Mengenai asas penyelenggaraan pemerintahan Desa, naskah RUU antara lain merumuskan bahwa ‘Dalam pelaksanaan tugasnya, pemerintah desa berpedoman pada asas umum penyelenggaraan negara’ yaitu kepastian hukum, tertib penyelenggaraan negara, kepentingan umum, keterbukaan, proporsionalitas, profesionalitas, akuntabilitas, efisiensi, dan efektivitas. Jumlah asas ini telah berkembang dari tujuh asas yang disebut dalam Naskah Akademik yaitu asas kepastian hukum, tertib kepentingan umum, keterbukaan, profesionalitas, akuntabilitas, efisiensi, dan efektivitas.
Rasio pengaturan asas penyelenggaraan pemerintahan diuraikan dalam Naskah Akademik, yaitu:
“Sebagai konsekuensi pilihan desa yang beragam, maka pengaturan tentang kelembagaan dan penyelenggaraan pemerintahan desa dibuat beragam juga pilihannya. Namun demikian UU ini perlu merumuskan standar norma yang bisa dipakai sebagai acuan dalam penyelenggaraan pemerintahan desa”.
Tanggapan
UU Desa mengatur dan membedakan asas pengaturan Desa (pasal 3) dan asas penyelenggaraan pemerintahan Desa. Seperti disebutkan dalam Naskah Akademik, asas penyelenggaraan pemerintahan Desa dibuat sebagai standar norma yang bisa dipakai dalam iklim keberagaman penyelenggaraan pemerintahan desa. Prinsip keberagaman itu memang diakomodasi baik dalam pengaturan desa maupun penyelenggaraan pemerintahan Desa meskipun dalam konteks berbeda. Dalam pengaturan Desa, asas keberagaman itu mengandung arti pengakuan dan penghormatan terhadap sistem nilai yang berlaku di masyarakat Desa, tetapi dengan tetap mengindahkan sistem nilai bersama dalam kehidupan berbangsa dan bernegara. Sedangkan dalam penyelenggaraan pemerintahan Desa, keberagaman itu mengandung arti penyelenggaraan pemerintahan Desa yang tidak boleh mendiskriminasi kelompok masyarakat tertentu.
Konsep keberagaman dalam penyelenggaraan pemerintahan Desa bisa ditarik ke dalam landasan konstitusional.

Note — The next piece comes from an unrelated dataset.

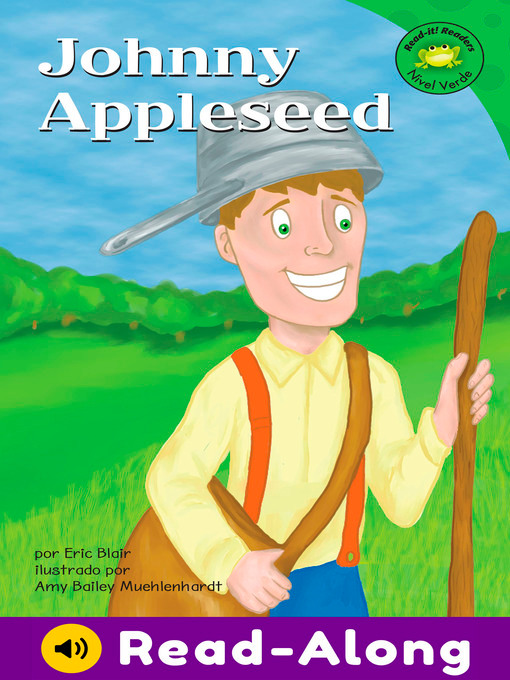 Eric Blair创作的Johnny Appleseed作品的详细信息 - 可供借阅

Pasal 27 ayat (1) UUD 1945 menyebutkan ‘setiap warga negara bersamaan kedudukannya di dalam hukum dan pemerintahan dan wajib menjunjung hukum dan pemerintahan itu dengan tidak ada kecualinya’. Larangan melakukan diskriminasi itu juga kemudian dituangkan antara lain dalam UU No. 31 Tahun 1999 tentang Hak Asasi Manusia, dan UU No. 40 Tahun 2008 tentang Penghapusan Diskriminasi Ras dan Etnis.
Pada tataran normatif, larangan berlaku diskriminatif dalam penyelenggaraan pemerintahan Desa itu dituangkan dalam ketentuan yang memungkinkan setiap warga negara dipilih menjadi atau memilih pemerintah Desa. Pasal 68 UU Desa mengatur sejumlah norma yang memberi hak kepada semua warga desa untuk memperoleh pelayanan yang sama dan adil, punya hak menyampaikan saran dan berpartisipasi, serta mendapatkan informasi mengenai penyelenggaraan pemerintahan desa.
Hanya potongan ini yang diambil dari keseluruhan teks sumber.